Остается добавить, что уничтожением вредных изданий, включая сочинения Достоевского и Куприна, руководила заместитель Наркома просвещения по библиотечному делу Надежда Крупская.
Можно долго рассказывать о жизни Куприна в Париже, в которой не было ничего хорошего.
«Дела мои — бамбук, — писал он другу из Парижа. Денег у меня — ни кляпа. Вино, здесь пахнет мокрой собакой».
Про Лизу написал, что ей приходится «столько бегать, хлопотать и разрываться на части, что не хватило бы и лошадиной силы».
А ей приходилсь нелегко. Постоянные долги, кухня, заклады, поиски квартир, лекарств, попытка открыть переплетную мастерскую, и после разорения и книжного магазина, — все это обрушилось на ее хрупкие плечи.
Но она не только крепилась, но и помогала другим.
«Сердечное спасибо за добрую волю к земным делам человека, — писала ей Марина Цветаева, — за неблагодарное дело продажи билетов на вечер стихов.
Я знаю, что ни до стихов, ни до поэтов никому нет дела. Тем ценнее участие и сочувствие».
Когда Куприн по каким-то причинам не смог написать заказанный самим Мозжухиным сценарий для кино о библейской Рахили, Лиза сказала, что напишет его сама.
И вполне возможно, что написала бы, если бы муж и дочь не ходили бы на цыпочках и не прикладывали пальцы к губам:
— Тсс, мама пишет!
«Мы так ее извели, — рассказывала дочь, — что она расплакалась и сожгла рукопись».
Сжигая свой сценарий о любви, она плакала последний раз в жизни.
А поводы для слез были, поскольку Куприн стал терять память.
Лиза не плакала даже тогода, когда у него нашли рак, когда везла его в СССР, а он уже не понимал, куда они едут — думал, что везут к другу, где дадут бокал вина.
Дочь Куприна стала довольно известной актрисой и снялась в нескольких фильмах.
Что же касается ее отношения к отцу…
Однажды, ожидая с любовником машину, Ксения увидела отца, который просил помочь ему перейти дорогу.
Думаете, что она кинулась, чтобы помочь полуслепому человеку?
Нет, не кинулась и даже не подошла, поскольку ей, по ее собственным словам, «было неловко подойти» к отцу.
Более того, она так и оставила беспомощного писателя на перекрестке.
Ну а то, что он мог попасть под машину, ей даже не пришло в ее пустую голову.
Куприн страдал не только от бедности.
Ему, русскому писателю было тяжело жить вдали от родины, среди чужой культуры, которую Есенин назвал «живым кладбищем».

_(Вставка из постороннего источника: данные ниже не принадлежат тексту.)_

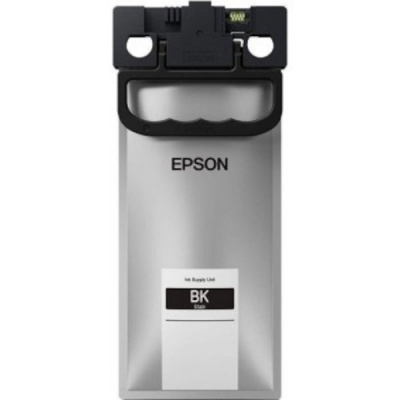 Epson T01C1 XL C13T01C100 nero (black) cartuccia originale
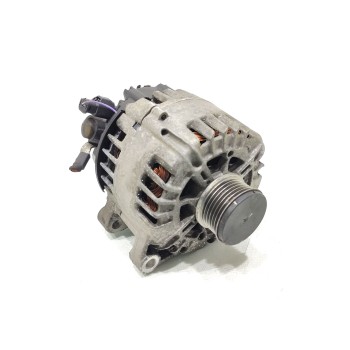 Recambio de alternador para peugeot partner kasten confort l1 referencia OEM IAM 9678048880  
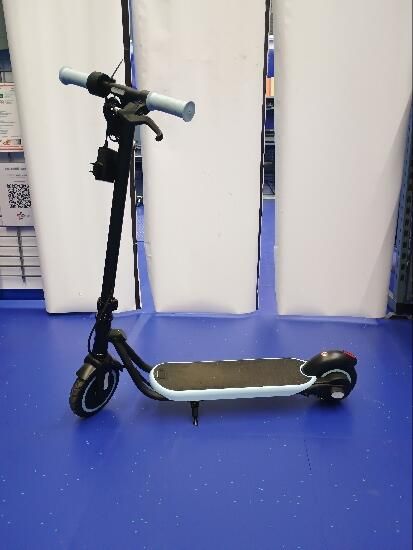 Trotinetă electrică Xsd100e Copii peste 6 - produs resigilat Decathlon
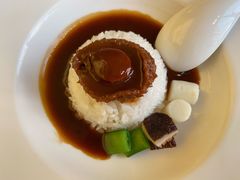 鲍鱼饭-北京厨房(西安SKP店)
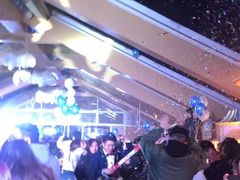 -上海静安香格里拉大酒店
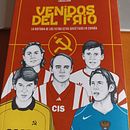 Libro "Venidos del frío". Narrative, Communication, and Writing project by Paco Herranz - 06.13.2021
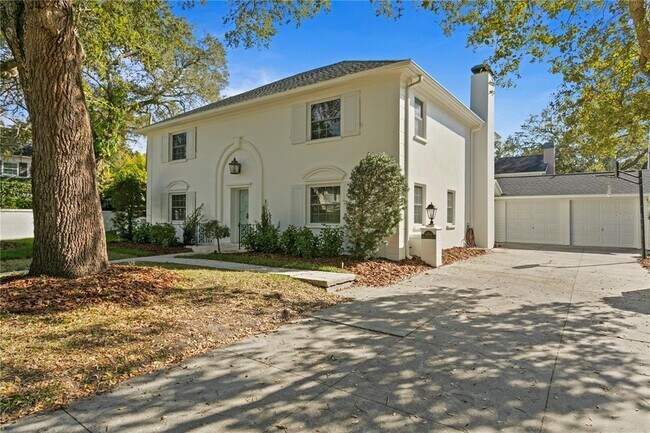 Foto del edificio - 4704 W Brookwood Dr
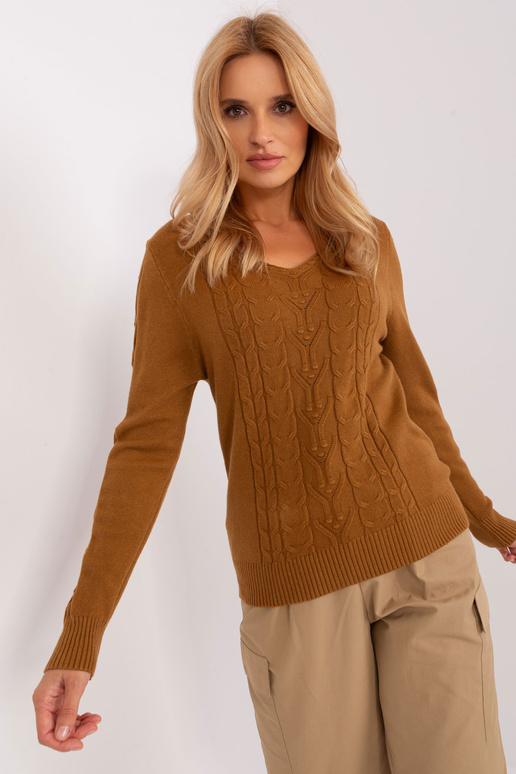 Kampsun-AT-SW-2329.98P-helepruun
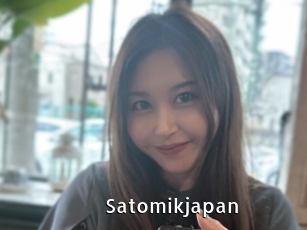 Satomikjapan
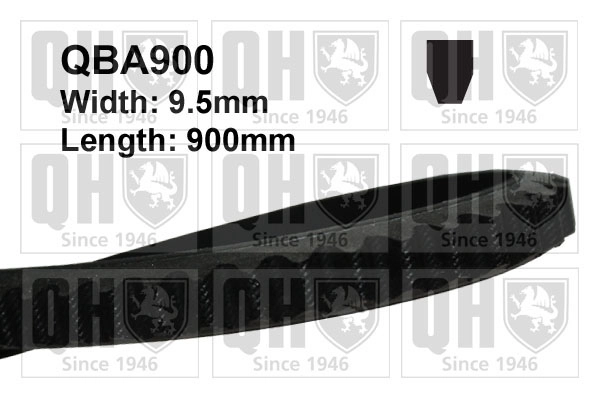 QBA900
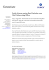 René Harlacher nuovo Chief Underwriting Officer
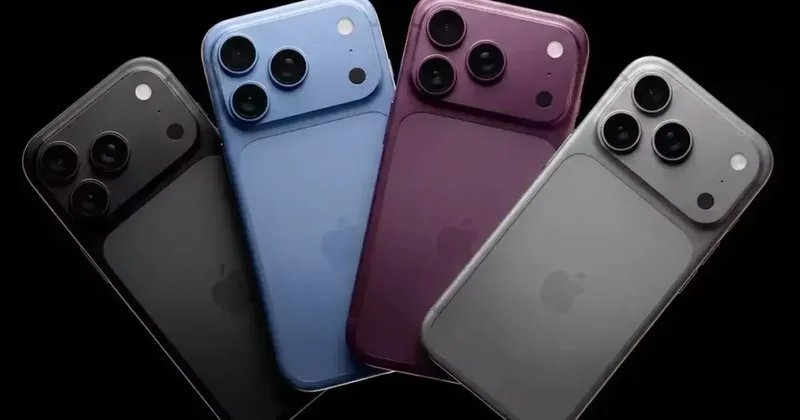 “iPhone 18 Pro Max” Azərbaycanda niyə 9 minə satılır?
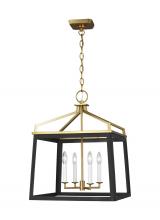  CC1554MBKBBS - Carlow Large Lantern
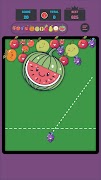 Bubble Fruit: Merge Game screenshot 2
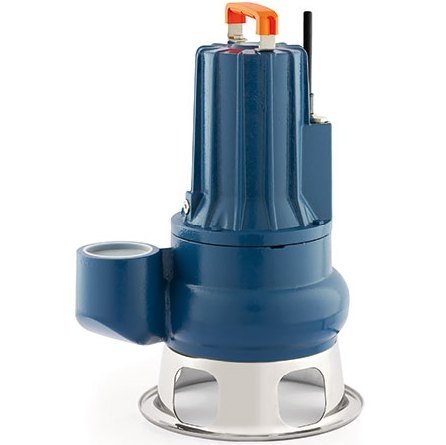 Внешний вид модели Pedrollo VXC 20/70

Тем временем потоки брани в адрес Куприна стали исчезать со страниц советской прессы, и какое-то время о нем даже не вспоминают.
Зато потом…
Весной 1937 года советская литературная критика неожиданно сменила знак «минус» на «плюс».
А все дело было в том, что посол СССР во Франции докладывал Сталину:
— Куприн ничего больше не напишет, но с точки зрения политической его возвращение представляет для нас определенный интерес…
— Возвращайте! — согласился Стадин.
Кончено, лучший друг всех писателей прекрасно знал, что Куприн называл в своих статьях Россию «вонючей ночлежкой, где играют на человеческую жизнь мечеными картами — убийцы, воры и сутенеры».